Formation of Δ1 and Δ6 testosterone metabolites by human hepatocytes

• Δ1-T, Δ1-AED, Δ6-T and Δ6-AED appeared after hepatocytes incubation with T.
• Time course production of selected metabolites was determined.
• Results were compared with those observed for the major T metabolites.
• 1,2- and 4,6-dehydrogenation has been confirmed as phase I metabolic pathway for T.

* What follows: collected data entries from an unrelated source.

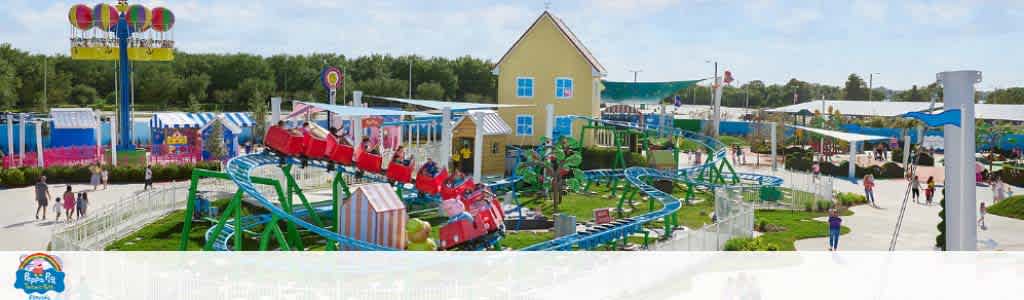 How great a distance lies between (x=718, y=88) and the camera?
48.4 m

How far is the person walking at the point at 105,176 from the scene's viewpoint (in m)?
27.7

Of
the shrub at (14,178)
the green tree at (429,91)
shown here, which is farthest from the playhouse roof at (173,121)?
the green tree at (429,91)

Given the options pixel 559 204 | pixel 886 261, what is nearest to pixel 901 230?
pixel 886 261

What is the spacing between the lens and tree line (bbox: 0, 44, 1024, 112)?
56281 mm

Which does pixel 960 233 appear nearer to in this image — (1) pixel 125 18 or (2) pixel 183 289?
(2) pixel 183 289

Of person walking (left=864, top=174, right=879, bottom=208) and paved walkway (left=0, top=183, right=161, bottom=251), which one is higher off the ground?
person walking (left=864, top=174, right=879, bottom=208)

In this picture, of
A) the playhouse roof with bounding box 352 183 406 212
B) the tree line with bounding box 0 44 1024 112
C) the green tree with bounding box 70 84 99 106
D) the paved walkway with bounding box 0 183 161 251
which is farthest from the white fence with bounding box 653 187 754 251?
the green tree with bounding box 70 84 99 106

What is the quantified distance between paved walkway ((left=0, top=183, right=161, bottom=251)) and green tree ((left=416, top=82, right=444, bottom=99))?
112 ft

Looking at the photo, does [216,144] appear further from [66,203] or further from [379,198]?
[379,198]

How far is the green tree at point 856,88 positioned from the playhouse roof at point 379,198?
76491 millimetres

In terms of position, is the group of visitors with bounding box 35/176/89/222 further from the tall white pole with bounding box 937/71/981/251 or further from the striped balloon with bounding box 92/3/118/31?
the tall white pole with bounding box 937/71/981/251

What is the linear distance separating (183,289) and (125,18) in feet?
76.2

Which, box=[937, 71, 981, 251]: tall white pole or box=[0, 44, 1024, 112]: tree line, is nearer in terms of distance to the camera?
box=[937, 71, 981, 251]: tall white pole

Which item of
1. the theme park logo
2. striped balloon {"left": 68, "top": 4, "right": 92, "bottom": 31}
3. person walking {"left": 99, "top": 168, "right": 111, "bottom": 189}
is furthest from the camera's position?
striped balloon {"left": 68, "top": 4, "right": 92, "bottom": 31} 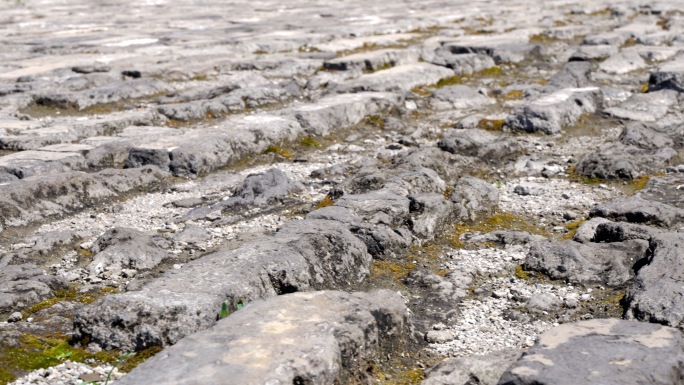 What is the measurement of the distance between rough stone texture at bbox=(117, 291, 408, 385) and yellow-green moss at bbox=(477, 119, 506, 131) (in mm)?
4881

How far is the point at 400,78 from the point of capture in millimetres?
10398

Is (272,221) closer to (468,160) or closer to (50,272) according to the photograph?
(50,272)

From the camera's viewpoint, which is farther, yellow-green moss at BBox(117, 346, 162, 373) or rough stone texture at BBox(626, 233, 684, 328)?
rough stone texture at BBox(626, 233, 684, 328)

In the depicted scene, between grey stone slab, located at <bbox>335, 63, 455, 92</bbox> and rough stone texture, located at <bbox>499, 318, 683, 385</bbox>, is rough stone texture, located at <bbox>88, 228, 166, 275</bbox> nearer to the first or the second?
rough stone texture, located at <bbox>499, 318, 683, 385</bbox>

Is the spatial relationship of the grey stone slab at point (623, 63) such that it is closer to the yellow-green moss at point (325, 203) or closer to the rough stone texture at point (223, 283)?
the yellow-green moss at point (325, 203)

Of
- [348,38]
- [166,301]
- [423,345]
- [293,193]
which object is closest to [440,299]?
[423,345]

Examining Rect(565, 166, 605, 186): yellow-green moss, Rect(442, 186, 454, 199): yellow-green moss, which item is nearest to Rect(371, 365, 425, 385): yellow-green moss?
Rect(442, 186, 454, 199): yellow-green moss

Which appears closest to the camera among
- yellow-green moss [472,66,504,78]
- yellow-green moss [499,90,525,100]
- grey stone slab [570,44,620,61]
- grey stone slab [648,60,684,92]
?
grey stone slab [648,60,684,92]

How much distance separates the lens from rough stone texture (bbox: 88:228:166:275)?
4.85m

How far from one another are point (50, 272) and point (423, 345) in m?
2.39

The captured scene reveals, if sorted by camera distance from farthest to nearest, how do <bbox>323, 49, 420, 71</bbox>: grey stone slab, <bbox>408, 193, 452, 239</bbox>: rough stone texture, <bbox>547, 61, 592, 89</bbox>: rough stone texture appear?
<bbox>323, 49, 420, 71</bbox>: grey stone slab, <bbox>547, 61, 592, 89</bbox>: rough stone texture, <bbox>408, 193, 452, 239</bbox>: rough stone texture

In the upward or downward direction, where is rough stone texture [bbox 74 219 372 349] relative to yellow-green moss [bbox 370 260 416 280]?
upward

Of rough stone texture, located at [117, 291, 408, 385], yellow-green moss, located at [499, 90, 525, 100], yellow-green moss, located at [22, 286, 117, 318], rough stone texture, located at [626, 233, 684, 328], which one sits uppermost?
rough stone texture, located at [117, 291, 408, 385]

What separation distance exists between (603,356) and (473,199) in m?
2.94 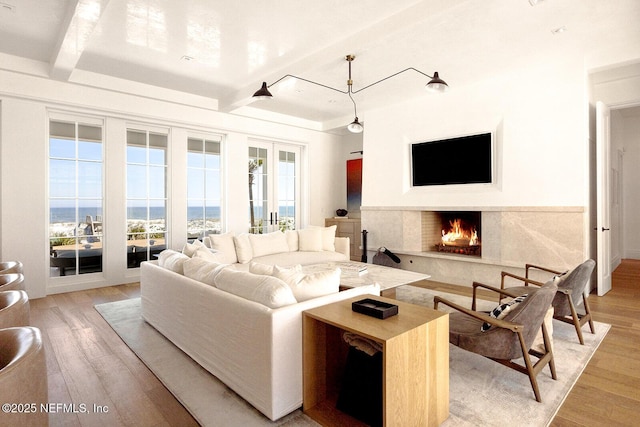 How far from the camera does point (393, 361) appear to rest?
1.67 metres

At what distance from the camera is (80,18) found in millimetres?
3189

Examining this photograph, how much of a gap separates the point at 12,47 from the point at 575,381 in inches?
250

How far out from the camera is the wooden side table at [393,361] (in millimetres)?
1700

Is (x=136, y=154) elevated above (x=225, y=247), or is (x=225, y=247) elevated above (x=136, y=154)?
(x=136, y=154)

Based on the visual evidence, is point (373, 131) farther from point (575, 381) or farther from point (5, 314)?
point (5, 314)

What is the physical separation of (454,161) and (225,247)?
3.63 metres

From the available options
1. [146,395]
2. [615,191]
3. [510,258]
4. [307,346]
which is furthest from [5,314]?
[615,191]

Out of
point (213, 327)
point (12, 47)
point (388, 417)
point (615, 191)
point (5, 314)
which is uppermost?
point (12, 47)

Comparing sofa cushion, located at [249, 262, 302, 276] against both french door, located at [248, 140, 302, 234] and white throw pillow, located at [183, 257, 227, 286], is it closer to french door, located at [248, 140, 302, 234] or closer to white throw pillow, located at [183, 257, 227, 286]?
white throw pillow, located at [183, 257, 227, 286]

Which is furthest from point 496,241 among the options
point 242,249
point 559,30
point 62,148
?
point 62,148

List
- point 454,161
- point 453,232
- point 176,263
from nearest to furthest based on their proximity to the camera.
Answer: point 176,263 → point 454,161 → point 453,232

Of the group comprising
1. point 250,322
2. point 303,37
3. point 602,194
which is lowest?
point 250,322

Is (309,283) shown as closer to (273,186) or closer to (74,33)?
(74,33)

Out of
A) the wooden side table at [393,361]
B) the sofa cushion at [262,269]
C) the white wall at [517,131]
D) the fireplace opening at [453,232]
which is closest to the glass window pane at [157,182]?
the sofa cushion at [262,269] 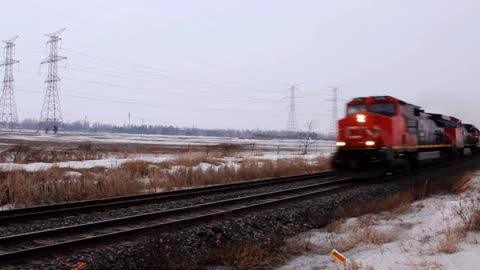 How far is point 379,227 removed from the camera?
827 centimetres

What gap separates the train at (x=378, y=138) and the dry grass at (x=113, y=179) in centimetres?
380

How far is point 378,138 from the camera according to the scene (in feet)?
54.7

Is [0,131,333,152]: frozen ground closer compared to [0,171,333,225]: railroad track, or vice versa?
[0,171,333,225]: railroad track

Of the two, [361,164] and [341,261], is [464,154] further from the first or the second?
[341,261]

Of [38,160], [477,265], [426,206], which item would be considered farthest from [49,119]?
[477,265]

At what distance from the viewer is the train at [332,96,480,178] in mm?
16656

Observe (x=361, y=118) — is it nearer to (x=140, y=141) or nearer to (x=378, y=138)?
(x=378, y=138)

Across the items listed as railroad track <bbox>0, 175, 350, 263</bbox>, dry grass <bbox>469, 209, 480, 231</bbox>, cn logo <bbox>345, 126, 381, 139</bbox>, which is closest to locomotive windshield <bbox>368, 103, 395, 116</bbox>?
cn logo <bbox>345, 126, 381, 139</bbox>

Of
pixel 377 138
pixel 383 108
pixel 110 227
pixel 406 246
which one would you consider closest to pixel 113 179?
pixel 110 227

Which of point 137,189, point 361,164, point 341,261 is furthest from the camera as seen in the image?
point 361,164

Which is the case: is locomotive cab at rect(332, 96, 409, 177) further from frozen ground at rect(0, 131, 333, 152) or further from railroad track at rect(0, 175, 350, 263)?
frozen ground at rect(0, 131, 333, 152)

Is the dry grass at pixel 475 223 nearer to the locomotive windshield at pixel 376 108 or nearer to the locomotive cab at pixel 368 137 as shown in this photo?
the locomotive cab at pixel 368 137

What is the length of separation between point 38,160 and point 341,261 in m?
16.4

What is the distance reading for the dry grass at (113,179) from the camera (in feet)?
36.4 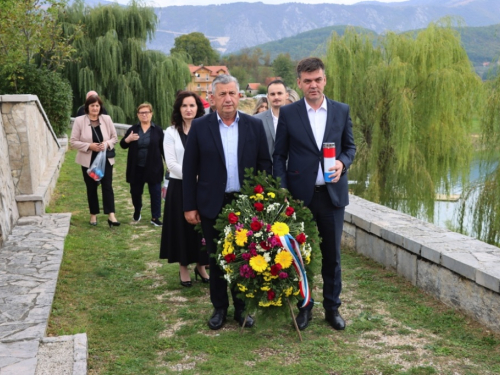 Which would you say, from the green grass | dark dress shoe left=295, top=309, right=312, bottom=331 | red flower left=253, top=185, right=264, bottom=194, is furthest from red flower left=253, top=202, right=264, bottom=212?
dark dress shoe left=295, top=309, right=312, bottom=331

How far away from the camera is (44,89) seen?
1412 centimetres

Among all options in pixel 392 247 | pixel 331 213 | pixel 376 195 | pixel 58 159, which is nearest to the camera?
pixel 331 213

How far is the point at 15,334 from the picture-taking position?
4.23 meters

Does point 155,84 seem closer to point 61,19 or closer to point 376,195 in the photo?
point 61,19

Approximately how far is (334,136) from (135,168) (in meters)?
4.87

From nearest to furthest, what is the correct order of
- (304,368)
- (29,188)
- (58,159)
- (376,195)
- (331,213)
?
(304,368)
(331,213)
(29,188)
(58,159)
(376,195)

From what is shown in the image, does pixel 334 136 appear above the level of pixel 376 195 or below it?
above

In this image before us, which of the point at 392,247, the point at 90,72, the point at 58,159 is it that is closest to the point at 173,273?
the point at 392,247

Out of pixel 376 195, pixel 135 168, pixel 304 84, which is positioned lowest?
pixel 376 195

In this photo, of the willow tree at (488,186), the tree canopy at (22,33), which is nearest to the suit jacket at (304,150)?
the willow tree at (488,186)

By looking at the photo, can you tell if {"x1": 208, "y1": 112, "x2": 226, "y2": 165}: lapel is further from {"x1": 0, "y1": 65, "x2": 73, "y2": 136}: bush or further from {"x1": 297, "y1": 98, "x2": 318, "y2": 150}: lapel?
{"x1": 0, "y1": 65, "x2": 73, "y2": 136}: bush

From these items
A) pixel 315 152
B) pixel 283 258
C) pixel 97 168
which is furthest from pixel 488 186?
pixel 283 258

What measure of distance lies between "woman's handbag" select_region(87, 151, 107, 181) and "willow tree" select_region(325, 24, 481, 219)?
8.21 metres

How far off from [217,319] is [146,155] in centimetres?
444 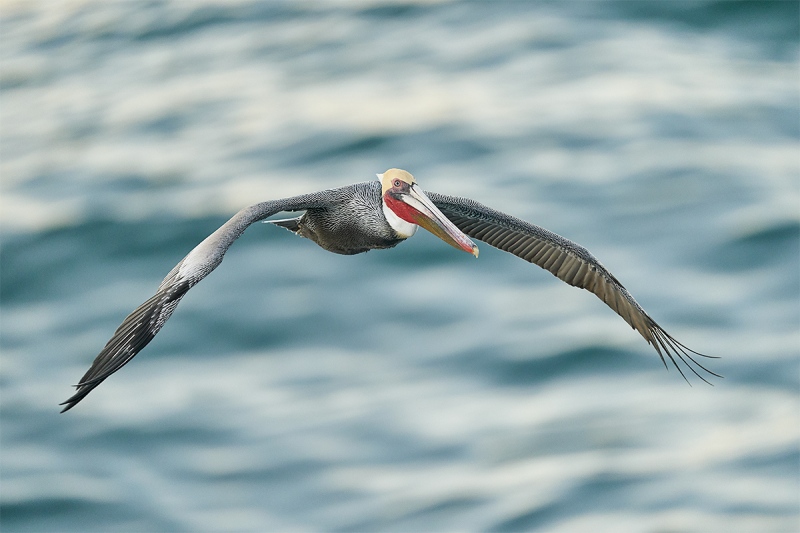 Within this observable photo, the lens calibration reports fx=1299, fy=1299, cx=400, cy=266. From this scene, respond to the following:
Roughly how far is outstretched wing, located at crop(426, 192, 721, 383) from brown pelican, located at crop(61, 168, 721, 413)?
0.01m

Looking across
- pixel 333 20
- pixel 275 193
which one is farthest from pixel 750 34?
→ pixel 275 193

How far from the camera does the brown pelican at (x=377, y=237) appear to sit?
40.3ft

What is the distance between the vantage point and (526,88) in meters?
45.6

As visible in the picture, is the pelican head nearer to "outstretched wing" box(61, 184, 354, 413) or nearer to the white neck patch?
the white neck patch

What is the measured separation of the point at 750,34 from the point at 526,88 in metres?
8.50

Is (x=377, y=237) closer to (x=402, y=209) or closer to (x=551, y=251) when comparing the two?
(x=402, y=209)

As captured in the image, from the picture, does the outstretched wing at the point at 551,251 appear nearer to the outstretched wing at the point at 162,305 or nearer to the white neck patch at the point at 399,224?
the white neck patch at the point at 399,224

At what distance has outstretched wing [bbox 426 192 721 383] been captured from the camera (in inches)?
598

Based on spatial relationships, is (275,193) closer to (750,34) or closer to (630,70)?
(630,70)

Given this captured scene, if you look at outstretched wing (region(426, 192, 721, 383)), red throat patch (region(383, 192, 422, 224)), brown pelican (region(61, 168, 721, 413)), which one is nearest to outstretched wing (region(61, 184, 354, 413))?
brown pelican (region(61, 168, 721, 413))

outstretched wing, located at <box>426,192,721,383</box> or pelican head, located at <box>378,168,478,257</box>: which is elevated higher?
pelican head, located at <box>378,168,478,257</box>

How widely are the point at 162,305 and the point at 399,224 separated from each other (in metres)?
2.88

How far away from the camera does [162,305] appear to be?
1238 centimetres

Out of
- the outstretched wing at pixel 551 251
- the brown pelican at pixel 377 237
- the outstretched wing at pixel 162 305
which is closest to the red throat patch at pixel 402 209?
the brown pelican at pixel 377 237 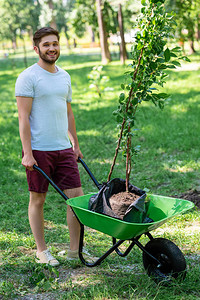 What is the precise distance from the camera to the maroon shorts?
324 cm

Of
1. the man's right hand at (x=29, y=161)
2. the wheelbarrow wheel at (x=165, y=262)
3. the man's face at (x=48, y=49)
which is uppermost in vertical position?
the man's face at (x=48, y=49)

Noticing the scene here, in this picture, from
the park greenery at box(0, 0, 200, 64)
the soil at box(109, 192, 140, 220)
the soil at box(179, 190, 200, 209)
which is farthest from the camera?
the park greenery at box(0, 0, 200, 64)

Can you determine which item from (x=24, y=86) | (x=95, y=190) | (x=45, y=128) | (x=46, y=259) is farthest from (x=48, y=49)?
(x=95, y=190)

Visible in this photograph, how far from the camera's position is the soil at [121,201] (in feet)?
9.39

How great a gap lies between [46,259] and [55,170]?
2.27 ft

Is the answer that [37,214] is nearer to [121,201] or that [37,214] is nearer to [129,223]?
[121,201]

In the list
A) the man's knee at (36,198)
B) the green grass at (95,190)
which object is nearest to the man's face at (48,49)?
the green grass at (95,190)

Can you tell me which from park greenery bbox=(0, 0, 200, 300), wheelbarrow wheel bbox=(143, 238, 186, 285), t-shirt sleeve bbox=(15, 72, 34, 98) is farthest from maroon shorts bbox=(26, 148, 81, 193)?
Result: wheelbarrow wheel bbox=(143, 238, 186, 285)

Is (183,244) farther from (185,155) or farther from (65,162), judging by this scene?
(185,155)

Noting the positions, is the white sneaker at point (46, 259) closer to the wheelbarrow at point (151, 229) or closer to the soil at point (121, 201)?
the wheelbarrow at point (151, 229)

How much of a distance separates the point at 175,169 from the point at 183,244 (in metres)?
2.21

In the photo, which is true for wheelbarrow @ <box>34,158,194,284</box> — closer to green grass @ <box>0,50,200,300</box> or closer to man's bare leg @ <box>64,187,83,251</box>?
green grass @ <box>0,50,200,300</box>

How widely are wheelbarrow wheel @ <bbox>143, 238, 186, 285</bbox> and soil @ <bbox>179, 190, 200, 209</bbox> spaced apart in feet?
5.58

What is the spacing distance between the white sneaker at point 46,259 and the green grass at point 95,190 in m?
0.07
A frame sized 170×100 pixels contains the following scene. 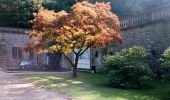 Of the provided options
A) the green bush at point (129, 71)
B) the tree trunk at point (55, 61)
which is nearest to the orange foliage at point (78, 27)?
the green bush at point (129, 71)

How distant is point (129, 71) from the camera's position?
1454cm

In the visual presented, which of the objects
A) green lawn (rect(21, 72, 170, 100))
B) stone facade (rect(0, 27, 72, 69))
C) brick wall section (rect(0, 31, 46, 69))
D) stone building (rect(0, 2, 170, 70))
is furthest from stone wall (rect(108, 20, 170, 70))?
brick wall section (rect(0, 31, 46, 69))

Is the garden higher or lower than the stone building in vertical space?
lower

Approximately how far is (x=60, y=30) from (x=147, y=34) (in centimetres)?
468

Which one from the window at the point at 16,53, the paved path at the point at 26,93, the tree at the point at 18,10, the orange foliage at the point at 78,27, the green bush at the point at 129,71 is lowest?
the paved path at the point at 26,93

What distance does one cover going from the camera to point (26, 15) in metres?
34.2

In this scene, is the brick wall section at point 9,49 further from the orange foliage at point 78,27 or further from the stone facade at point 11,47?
the orange foliage at point 78,27

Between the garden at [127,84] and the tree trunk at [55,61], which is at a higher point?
the tree trunk at [55,61]

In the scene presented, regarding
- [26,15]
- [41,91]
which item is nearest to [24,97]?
[41,91]

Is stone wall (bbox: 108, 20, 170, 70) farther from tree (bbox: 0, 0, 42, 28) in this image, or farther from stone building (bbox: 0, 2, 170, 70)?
tree (bbox: 0, 0, 42, 28)

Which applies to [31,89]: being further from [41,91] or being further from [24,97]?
[24,97]

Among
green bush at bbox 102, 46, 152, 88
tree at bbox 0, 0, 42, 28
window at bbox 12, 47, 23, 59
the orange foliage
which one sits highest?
tree at bbox 0, 0, 42, 28

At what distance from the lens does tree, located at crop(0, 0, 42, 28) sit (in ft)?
112

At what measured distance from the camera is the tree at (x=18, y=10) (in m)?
34.1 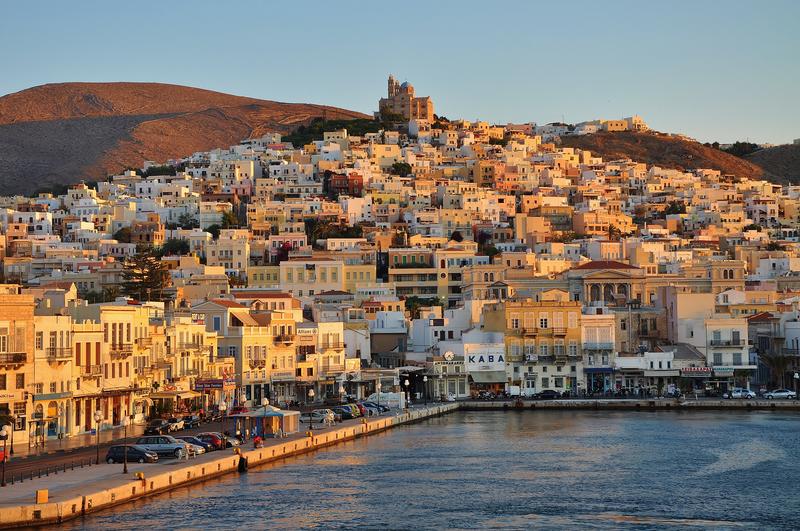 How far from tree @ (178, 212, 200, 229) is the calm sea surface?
85.2m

The existence of urinary testosterone (T) metabolites conjugated with cysteine has been recently reported. The formation of a ring double bond by a phase I metabolic transformation and the subsequent nucleophilic conjugation with glutathione was proposed as a putative metabolic pathway for the occurrence of these metabolites in urine. The main goal of the present study was to confirm the first step of the postulated pathway. For that purpose, human hepatocyte cells systems were incubated with a pure T standard. The cell culture supernatants were analyzed by liquid chromatography coupled to mass spectrometry using a selected reaction monitoring method. Major T metabolites such as androsterone and 4-androstene-3,17-dione, together with the recently reported Δ1 and Δ6 metabolites were simultaneously quantified. The formation of 1,4-androstadien-3,17-dione, 4,6-androstadien-3,17-dione, 17β-hydroxy-4,6-androstadien-3-one and 17β-hydroxy-1,4-androstadien-3-one (boldenone) after incubation of T in hepatocyte cell cultures was demonstrated by comparing the retention times and the ion ratios of the metabolites with those obtained by analysis of commercial standards. Thus, the formation of double bonds Δ1 and Δ6 by hepatic phase I metabolism of T was confirmed. Analogously to T, this pathway might also be present in other steroids, opening the possibility of targeting additional biomarkers.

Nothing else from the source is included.